On what abuse looks like, categories can reflect a continuum of abuse. The continuum exists because of the increasing need of the abuser to maintain their power and control over the victim. At first, verbal threats and abuse may be enough to keep the victim subdued. Eventually, though, if that stops working, the abuser may then need to escalate or change tactics to financial, emotional, professional, and other types of threats and abuse. Some abusers may never resort to physical abuse, or some may only need to use it once, and then threats will suffice. On the lethal stage, the book “Why Do They Kill?” is a fine exploration of the motivation (a desire for power and control) and progression of control techniques which lead up to killing a victim by the abuser. However, the small minority of lethal abusers can camouflage the much larger numbers of equally controlling abusers who employ less obvious methods.
The abuser is not driven by a simple need to escalate their abuse to keep others in line, they are driven by a sense of entitlement.
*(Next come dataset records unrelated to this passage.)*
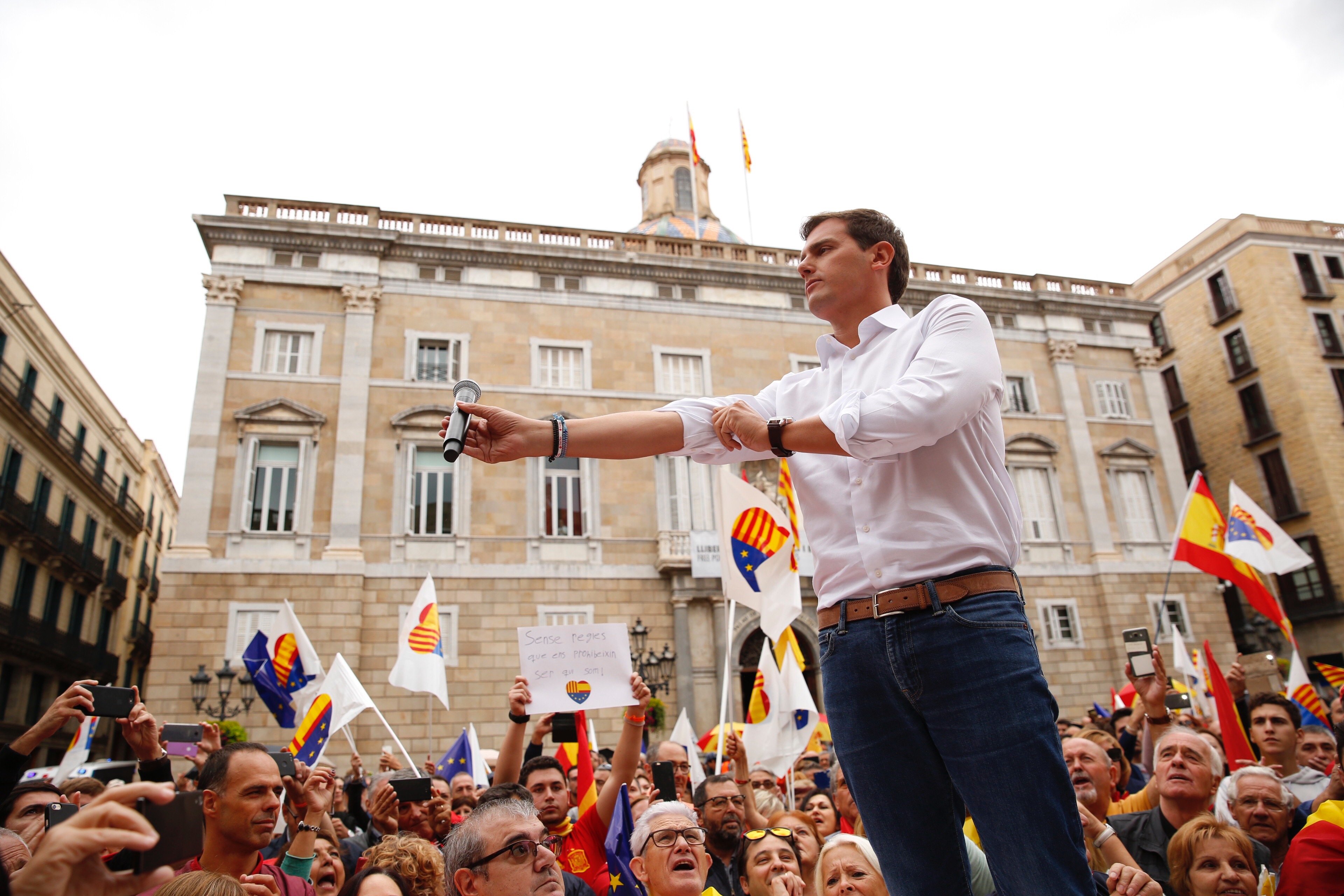 Rivera makes "go get 'em" call as Barcelona unionist rally flops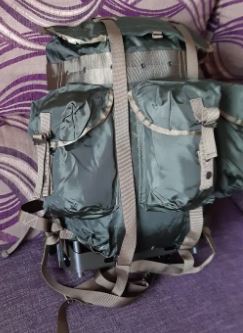 Mochila de combate modelo M-86, similar a la estadounidense ALICE tipo Medium, fabricada en nylon de color 00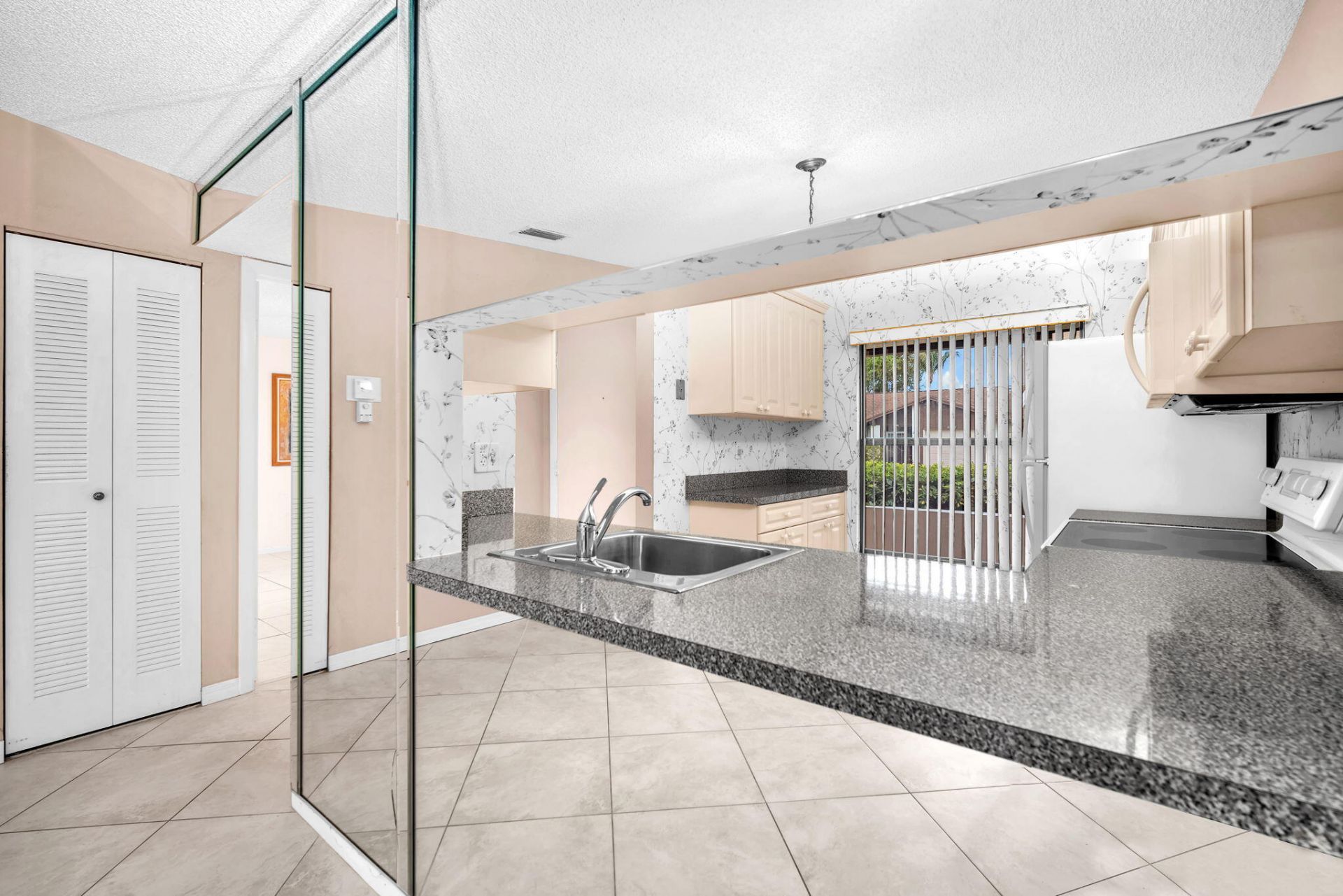 5073 Forsythia Street, Delray Beach, FL 33484 Photo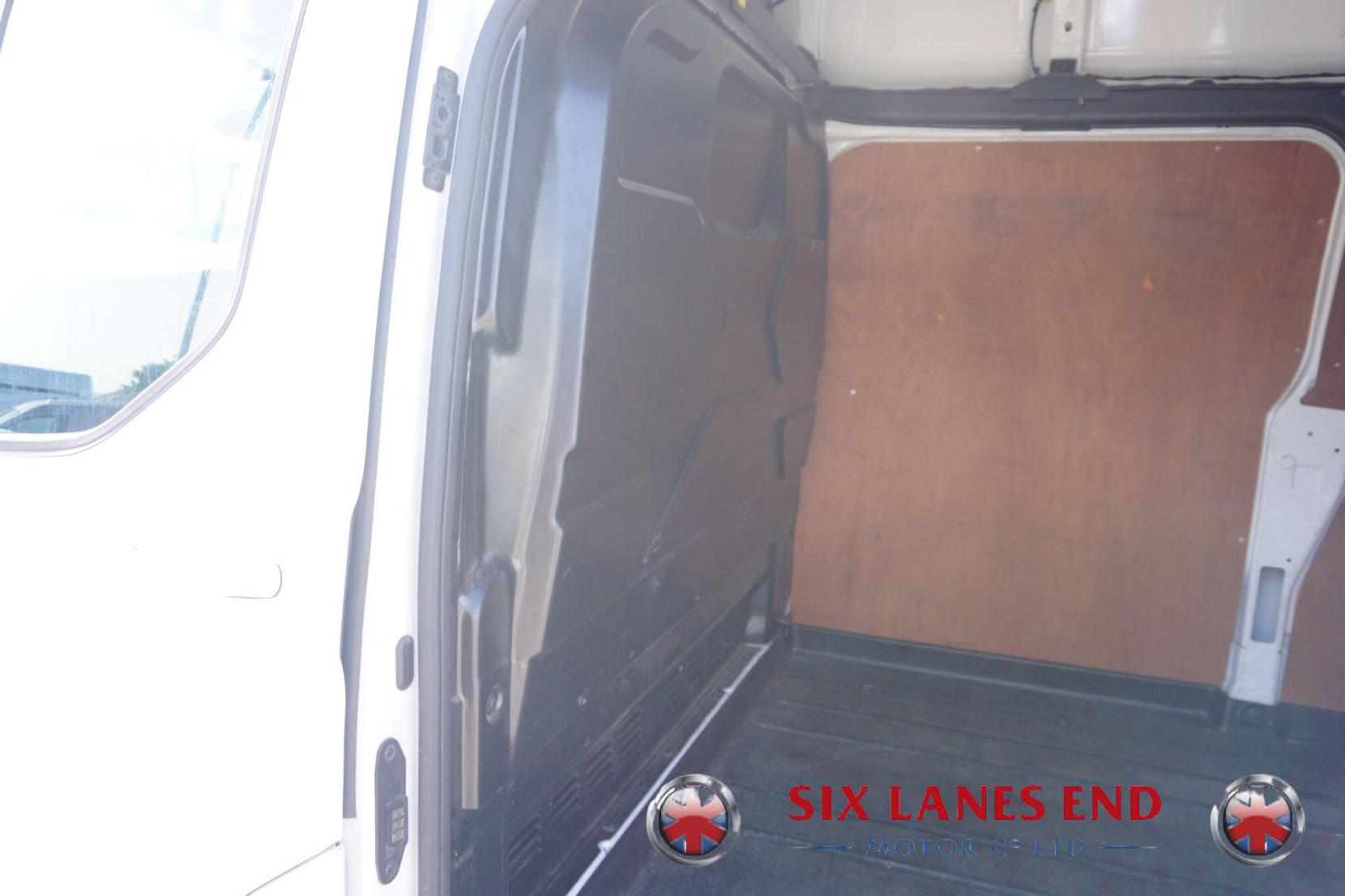 Ford Transit Custom 2.0 300 EcoBlue Limited Panel Van 5dr Diesel Manual L2 H2 Euro 6 (s/s) (130 ps)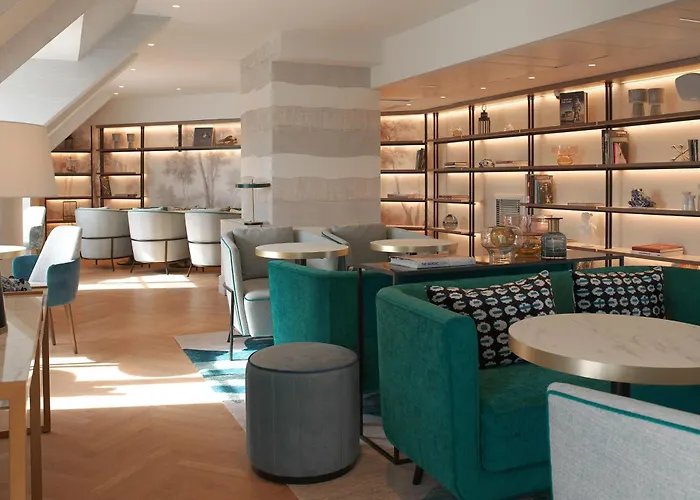 Hotel Marriott Opera Ambassador 4*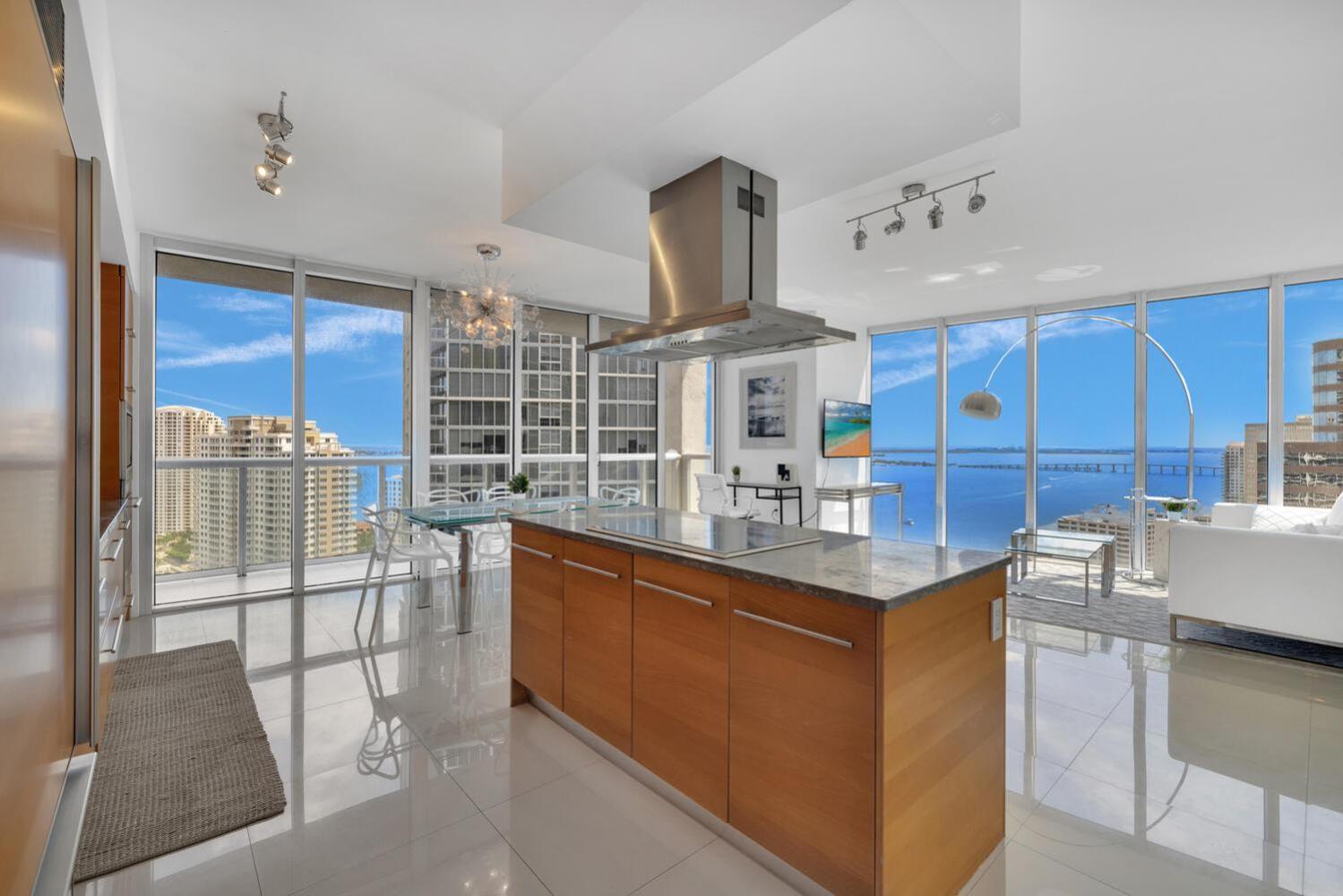 Large In W With Bay Views Apartment Miami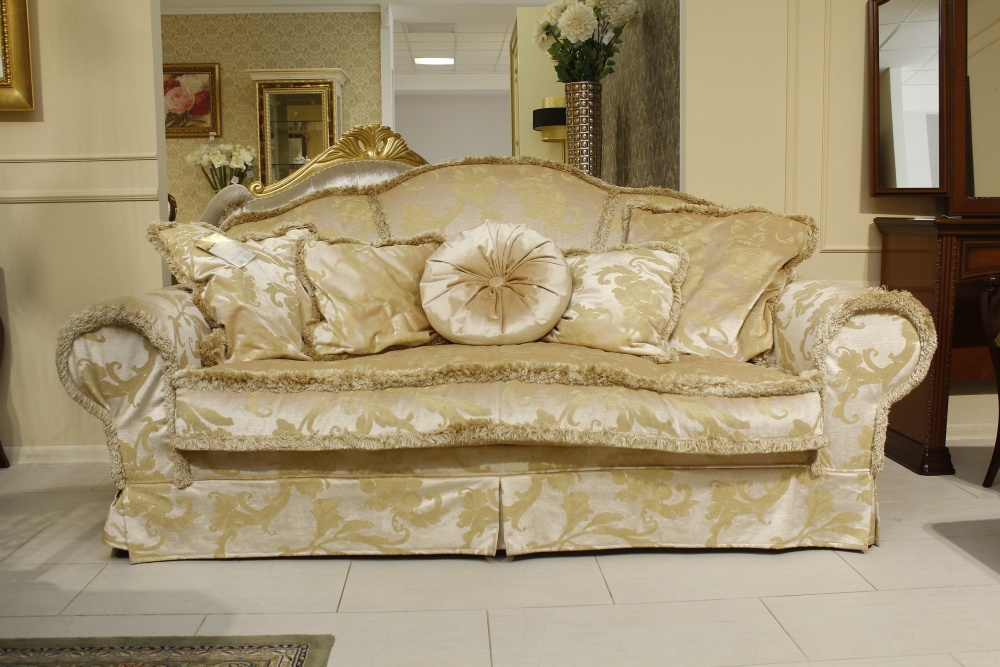 Диван прямой ткань благородное золото наполнитель пух-перо Lucy фабрика Dolfi Италия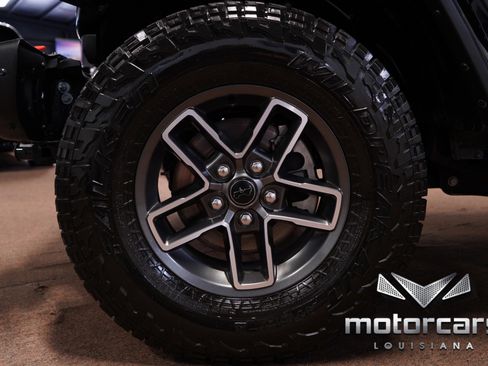 Used 2024 Jeep Gladiator Mojave AWD/4WD image 22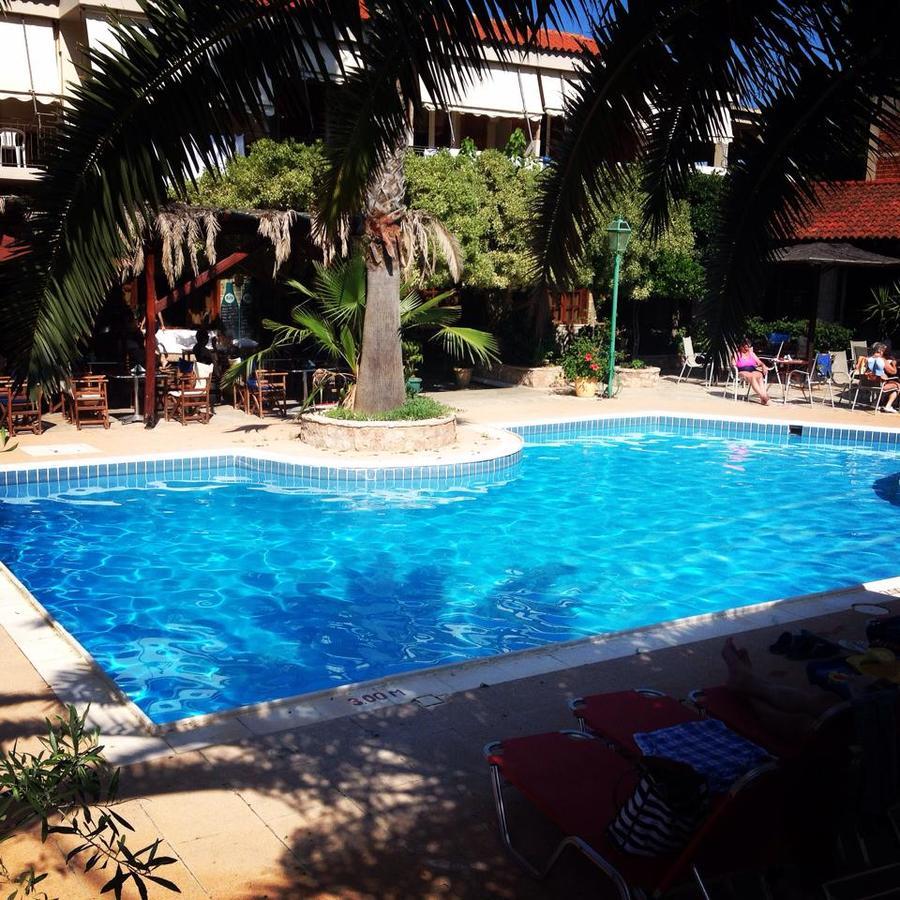 Ritsas Hotel Tolón Esterno foto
Specifically,
” the feeling or belief that you deserve to be given something
(such as special privileges)”
from Merriam-Webster’s definition. This entitlement is the core of their personality, their attitudes and beliefs. The abuser believes they are better than others and are entitled more privileges than others. Combined with the sense of entitlement, the abuser desires to maintain power and control over others. I mean, after all, they deserve all of these privileges and you do not, right?